That was the impetus for the almost 20-year effort to fix the sagging historic building, and reopen the museum to display some of the 2,700 artifacts owned by the city.

That effort comes to fruition Monday, on Memorial Day, when the Grand Army of the Republic Hall and Museum reopens to the public, starting with a ceremony rededicating the hall and museum at 11 a.m. at the Memorial Day Parade reviewing stand in front of the David L. Pierce Art and History Center, 20 E. Downer Place.

Civil War re-enactors of the 36th Illinois Infantry Regiment will post the colors for the ceremony. The Memorial Day Parade begins at noon and the GAR will be open following the parade until 3 p.m.

The GAR Museum is a memorial to area veterans of the Civil War. Built in 1877 and 1878, GAR Memorial Hall, Post 20, was closed in the mid-1990s because of structural concerns.

While work toward reopening the museum started as far back as 2001, Church said the biggest year for the hall was 2008, when exterior work was finished that stabilized the building.

A year later the recession hit, and money for the museum dried up.

Overall, the restoration effort cost about $3.5 million, about 80 percent of which was raised locally. The restoration was assisted by grants from local, state and national organizations. Grants came from the Kane County Riverboat Fund, the Partners in Preservation Chicagoland initiative, American Express and the National Trust for Historic Preservation, the Illinois Department of Commerce and Economic Opportunity and the Illinois Department of Natural Resources.

Inside the museum are brand new, professional museum displays built by Paul Bluestone and his Chicago-based company that does high-level museum work around the country.

They include Civil War artifacts in the permanent displays, because the GAR was founded as an organization for Civil War veterans.

They are in the main room, called the Angel Room, named after a sculpture of an angel that was in the original museum. That sculpture still is being restored, so will not be in place Monday.

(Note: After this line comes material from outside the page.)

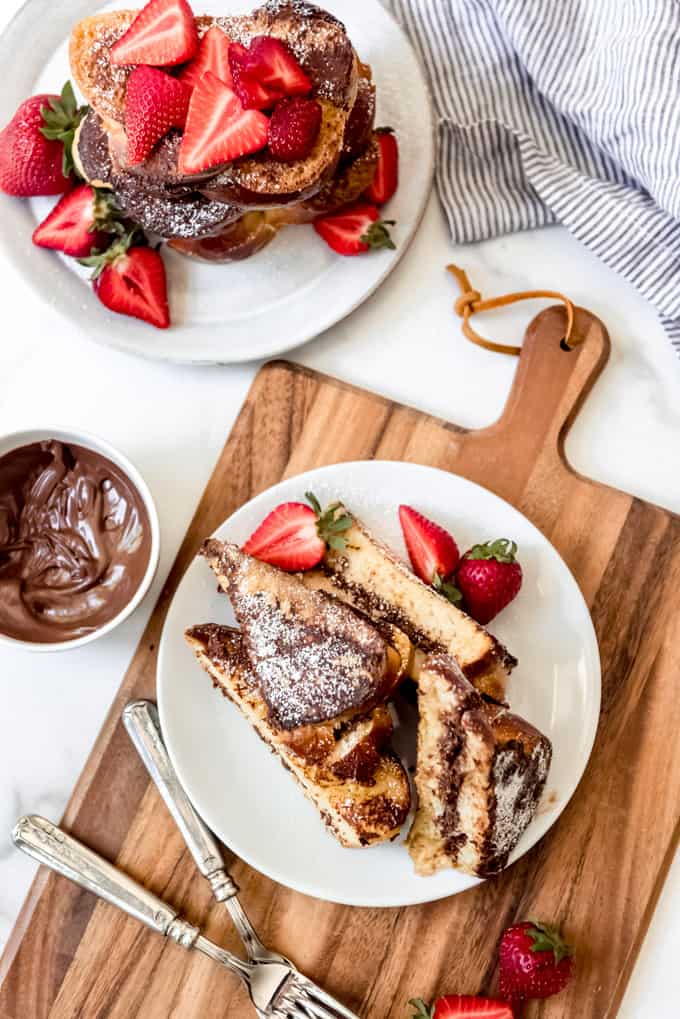 Una imagen de tostada francesa rellena de Nutella con fresas y azúcar en polvo en la parte superior.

But the base is there, and eventually the angel will be restored to the center of the room.

Many of the artifacts have been in storage for almost 20 years, according to Erin Howard, who the city has contracted as the curator of the GAR museum.

Howard has been spending most of her time cataloging and marking the items so they can be used for historical research in the GAR Research Museum housed in the Pierce History Museum across the street from the GAR.

“A lot of what I do is behind the scenes,” Howard said.

But some of it will be in public Monday, when people see displays about African-Americans in the North in the Era of the War, the 8th Illinois Cavalry, the 36th Illinois Volunteer Infantry and Day Elmore, an Aurora 17-year-old who joined the war as a drummer, was promoted to private, fought in several battles, was wounded and eventually died of his wounds.

What the public sees Monday is not the finished product. Officials still are raising money to finish restoring the building and replacing things like the sentry statue that sits atop the building.

The city had a state grant of $750,000 that would have paid to finish the restoration, but it was suspended by Gov. Bruce Rauner shortly after he took office two years ago.